On Friday morning, the Labor Department reported that the U.S. economy added 151,000 jobs, while the unemployment rate remained at 4.9 percent. Economists surveyed by The Wall Street Journal were expecting a modest 180,000 jobs added and a decline in the unemployment rate, to 4.8 percent. Job gains were reported in industries including food, health care, and technical services (which covers accountants, lawyers, architects, and other professionals).



One thing analysts were looking out for in the August jobs report was whether there would be significant revisions—in either direction—for June and July’s fantastic numbers. But these revisions showed little change to the original numbers: Combined, the two months added 1,000 fewer jobs than originally estimated, bringing the three-month average to a solid 232,000 jobs added per month. This revision makes July the best jobs report of 2016 so far.



A point worth celebrating in July’s jobs report was the bump in wages, as the month’s gains brought overall growth between July 2015 to July 2016 to 2.6 percent—the best pace since the recession ended. For August, average hourly earnings rose by only 3 cents, to $25.73, following an eight-cent increase in July. This slowdown brings the overall wage growth in the past 12 months to 2.4 percent. The labor-force participation rate held steady at 62.8 percent after April and May wiped out gains from earlier this year.

This summer has shown steady jobs growth—a strong rebound from a hugely disappointing jobs report in May. Economists and skeptics will likely continue to debate whether this is indicative of a long-term trend of steady growth and whether the U.S. economy is close to full employment.

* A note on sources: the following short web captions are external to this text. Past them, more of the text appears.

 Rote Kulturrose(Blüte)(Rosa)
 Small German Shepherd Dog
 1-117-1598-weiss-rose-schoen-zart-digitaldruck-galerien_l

Strong jobs reports tend to drum up the possibility of an interest-rate hike from the Fed, which has yet to raise interest rates this year. At the last Federal Open Market Committee meeting in July, interest rates were left unchanged in spite of positive jobs report, likely due to the lack of inflation. The jobs report is a key economic indicator, and this one will likely influence the Federal Reserve’s decision-making at its September meeting. In a speech at the Fed’s annual summer economic policy symposium in Jackson Hole, Wyoming, Fed Chairwoman Janet Yellen said that “the case for an increase in the federal funds rate has strengthened in recent months." That statement has led to speculation that the Fed is signaling a potential rate hike in September.